The larger implication of this, however, is that we are becoming siloed amongst those who think like us, agree with us, and don’t challenge our beliefs. We stay within our comfortable, reassuring homogeneity, instead of seeking to experience “other”. In order for us to thrive, however, we need to experience life outside our neighborhoods not just online, but also in our communities. COVID put a damper on that. But, we are emerging!

The Final Turn Part III: Autumn is Here!

Autumn in Wine Country is all about the harvest. Unlike the eruption of color back East, changes in colors are more muted here, with grape leaves turning yellow and gold or burgundy and red depending on the grape.

We experience warm days and cool nights, which brings each varietal into its fullness. With patience and the skilled hand of the winemaker, the fruit turns into a lovely glass of wine several years down the road.

It was five years ago this month that my part of the country experienced devastating wildfires. I frequently drive past empty lots where buildings I once worked and shared good times in were reduced to ashes. Evidence of their ever having been there is gone. Still, I know what was once there. I fill those empty spaces with memories, even as I see how Mother Nature has reclaimed much of the land and human tenacity has resulted in rebuilding.

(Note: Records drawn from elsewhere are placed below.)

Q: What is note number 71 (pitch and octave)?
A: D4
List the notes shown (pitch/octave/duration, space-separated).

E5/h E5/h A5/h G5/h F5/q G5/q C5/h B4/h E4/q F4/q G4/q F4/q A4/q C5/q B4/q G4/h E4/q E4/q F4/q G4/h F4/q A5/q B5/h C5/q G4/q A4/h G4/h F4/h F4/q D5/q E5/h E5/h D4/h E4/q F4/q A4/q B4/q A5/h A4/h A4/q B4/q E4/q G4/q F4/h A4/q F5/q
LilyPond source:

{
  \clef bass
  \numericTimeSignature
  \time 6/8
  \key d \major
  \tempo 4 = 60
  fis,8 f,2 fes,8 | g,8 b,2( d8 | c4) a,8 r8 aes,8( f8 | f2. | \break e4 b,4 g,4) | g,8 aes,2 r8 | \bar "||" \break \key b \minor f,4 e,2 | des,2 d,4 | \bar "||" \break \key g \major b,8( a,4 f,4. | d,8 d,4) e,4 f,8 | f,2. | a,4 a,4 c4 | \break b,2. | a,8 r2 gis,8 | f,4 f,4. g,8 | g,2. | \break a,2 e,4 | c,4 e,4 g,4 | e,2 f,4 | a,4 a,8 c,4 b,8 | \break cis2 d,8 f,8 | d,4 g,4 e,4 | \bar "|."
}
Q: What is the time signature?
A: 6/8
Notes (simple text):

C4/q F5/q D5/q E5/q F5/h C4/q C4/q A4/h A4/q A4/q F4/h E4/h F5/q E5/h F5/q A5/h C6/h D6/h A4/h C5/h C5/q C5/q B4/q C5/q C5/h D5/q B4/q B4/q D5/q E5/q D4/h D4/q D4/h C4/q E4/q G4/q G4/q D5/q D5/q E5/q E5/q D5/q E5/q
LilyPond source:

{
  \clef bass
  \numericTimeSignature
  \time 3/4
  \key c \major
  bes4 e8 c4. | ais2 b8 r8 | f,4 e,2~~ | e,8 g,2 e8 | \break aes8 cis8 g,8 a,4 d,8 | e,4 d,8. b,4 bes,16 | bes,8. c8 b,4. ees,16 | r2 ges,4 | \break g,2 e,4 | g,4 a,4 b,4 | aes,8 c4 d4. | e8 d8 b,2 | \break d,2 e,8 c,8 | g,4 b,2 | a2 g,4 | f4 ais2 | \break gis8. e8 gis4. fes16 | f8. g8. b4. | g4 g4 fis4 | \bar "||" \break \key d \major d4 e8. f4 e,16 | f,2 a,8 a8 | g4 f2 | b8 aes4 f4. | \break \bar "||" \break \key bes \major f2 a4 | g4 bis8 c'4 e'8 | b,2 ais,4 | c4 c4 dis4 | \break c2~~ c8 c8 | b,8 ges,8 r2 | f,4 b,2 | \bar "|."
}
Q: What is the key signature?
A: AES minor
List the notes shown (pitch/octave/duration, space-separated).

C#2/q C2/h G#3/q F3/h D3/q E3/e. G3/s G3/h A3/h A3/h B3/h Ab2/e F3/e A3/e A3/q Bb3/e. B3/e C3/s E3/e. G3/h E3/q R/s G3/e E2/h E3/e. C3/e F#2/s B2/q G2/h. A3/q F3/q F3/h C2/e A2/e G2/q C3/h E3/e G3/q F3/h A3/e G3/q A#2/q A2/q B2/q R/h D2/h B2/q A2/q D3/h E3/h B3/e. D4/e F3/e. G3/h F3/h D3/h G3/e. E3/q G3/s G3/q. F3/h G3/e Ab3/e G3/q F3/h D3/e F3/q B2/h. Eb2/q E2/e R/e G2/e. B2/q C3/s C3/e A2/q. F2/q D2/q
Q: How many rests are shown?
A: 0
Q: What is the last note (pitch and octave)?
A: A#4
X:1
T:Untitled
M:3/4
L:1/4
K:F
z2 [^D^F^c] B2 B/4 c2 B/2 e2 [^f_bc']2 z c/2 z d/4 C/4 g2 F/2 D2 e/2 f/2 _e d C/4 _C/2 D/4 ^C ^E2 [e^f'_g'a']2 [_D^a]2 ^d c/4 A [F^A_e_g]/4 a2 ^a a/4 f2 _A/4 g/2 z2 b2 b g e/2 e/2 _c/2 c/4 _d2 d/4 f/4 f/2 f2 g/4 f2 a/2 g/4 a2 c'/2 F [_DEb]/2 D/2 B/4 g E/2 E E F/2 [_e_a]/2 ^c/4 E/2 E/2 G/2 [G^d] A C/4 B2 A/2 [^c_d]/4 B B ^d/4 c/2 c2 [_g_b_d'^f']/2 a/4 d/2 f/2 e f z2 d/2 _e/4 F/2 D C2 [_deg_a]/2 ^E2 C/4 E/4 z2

This gives me hope. It suggests that even as one part of my life is ending, another is emerging. It acknowledges that there is a time for rest and renewal after loss and in those moments in between, we can connect with a past as well as imagine a future.

The Final Turn Part IV: What Does the Future Hold?

The need to know what is going to happen, I believe is universal. Perhaps because we are gifted with imaginations, conjuring a future is pretty straight forward. The challenge lies in not being seduced by these visions (good or bad), but returning to and staying the present, however uncomfortable that may feel.

Constancy, predictability, and reliability are all qualities that seem to lower stress and anxiety. They operate in virtually every area of our lives from predicting the weather nightly to scheduling Zoom calls. They are central to making my favorite recipe over and over again, and making sense of timetables for trains or airplanes so that people we love will meet us on arrival.

I have noticed that when I am feeling particularly stressed over what might happen in my immediate and long-term future, I tend to seek answers using ancient methods of prediction. I have several decks of Tarot cards, along with I Ching coins, and of course, my daily horoscope, all of which help me to interpret my thoughts and feelings and lower my distress.

These methods may not be based in science, but they do comfort me. They offer different ways of looking at and interpreting what I am experiencing and help to draw an alternate outcome. I have learned to not put too much stock in a particular prediction. Instead, I use these as I would a trusted friend who might share his or her impressions.

I will be using all of these tools to help me manage my stress as we round the final turn in the coming days as voting occurs, governments fall and rise, seasons change, and life continues to unfold.